A couple of thoughts. It has always seemed contradictory to me to be pro-life, to be against abortion, but to be in favor of the death penalty as some of my friends are.

We are all made in the image of God, however He has also given us free will. So, while we are all God’s children, our free will determines the choices we make. God allows us to make these bad choices.

Murder of another is a terrible sin, but secular law is no deterrent. No one sits down and actually thinks of the possibilty of a death penalty before going ahead and comitting murder. Most people, in fact, are killed by someone they know. And most are heat of the moment decisions – so deterrence never comes up.

I know that the Church has had a long history of being anti-death penalty - as I am. I also realize that Popel John Paul II wrote in Evangelium Vitae" that there are cases of absolute necessity which may warrant the death penalty. I find this puzzling, knowing that the Church has long been an opponent of the death penalty. Pope Benedict XVI recently attempted to intercede on behalf of a condemned man who was executed here in the U.S.

Though we are led to believe that most Americans still support a death penalty, the question is not whether you support a death penalty but rather, **“would you support a death penalty if there was an enforceable life without parole (LWOP) penalty?” **When presented with options, most Americans do not favor a death penalty.

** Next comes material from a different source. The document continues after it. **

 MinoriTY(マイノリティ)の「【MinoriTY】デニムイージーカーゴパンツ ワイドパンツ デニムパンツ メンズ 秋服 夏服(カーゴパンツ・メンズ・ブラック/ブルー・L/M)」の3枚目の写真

I had posted earlier about how the Supermax system is used for the worst of the offenders. Assuming that that the states and federal government would enforce a true LWOP, I would save a life rather than take it. I don’t believe that it’s God’s intention that there be state sponsored killing.

If one believes that all life is sacred, I don’t see how anyone can favor the death penalty. I see no difference between the unborn child and the murderer in terms of “life” – only their deeds or actions differ. The murderer’s life is of no less value – it’s his/her deeds that distinguish him - but it is still a life. Only God should determine the time of our death – not goverment.

I would repeat the question – would you support a death penalty if a true LWOP were in place that included incarceration in a Supermax facility?

(we already have and use the Supermax facilities; it’s the parole system that is the failure).
 
A couple of thoughts. It has always seemed contradictory to me to be pro-life, to be against abortion, but to be in favor of the death penalty as some of my friends are.

?
There is never a contradiction when one adheres to the teachings of the Church.

As far as answering your question I don’t support the death penalty in any circumstances regardless of whether or not life without parole is available. I acknowledged however, that Catholics in good conscience can disagree with my view and can support the death penalty and still be in total compliance with the teachings of the Catholic Church.